* [RECORDS PROVIDED]
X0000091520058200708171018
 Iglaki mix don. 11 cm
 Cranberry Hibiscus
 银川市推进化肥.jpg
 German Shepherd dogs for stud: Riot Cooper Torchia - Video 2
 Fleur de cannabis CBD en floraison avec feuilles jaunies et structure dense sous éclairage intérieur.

* [PROBLEM DESCRIPTION] Copy every line that appears above, with each word kept as it is.

* [ANSWER BOX]
X0000091520058200708171018
 Iglaki mix don. 11 cm
 Cranberry Hibiscus
 银川市推进化肥.jpg
 German Shepherd dogs for stud: Riot Cooper Torchia - Video 2
 Fleur de cannabis CBD en floraison avec feuilles jaunies et structure dense sous éclairage intérieur.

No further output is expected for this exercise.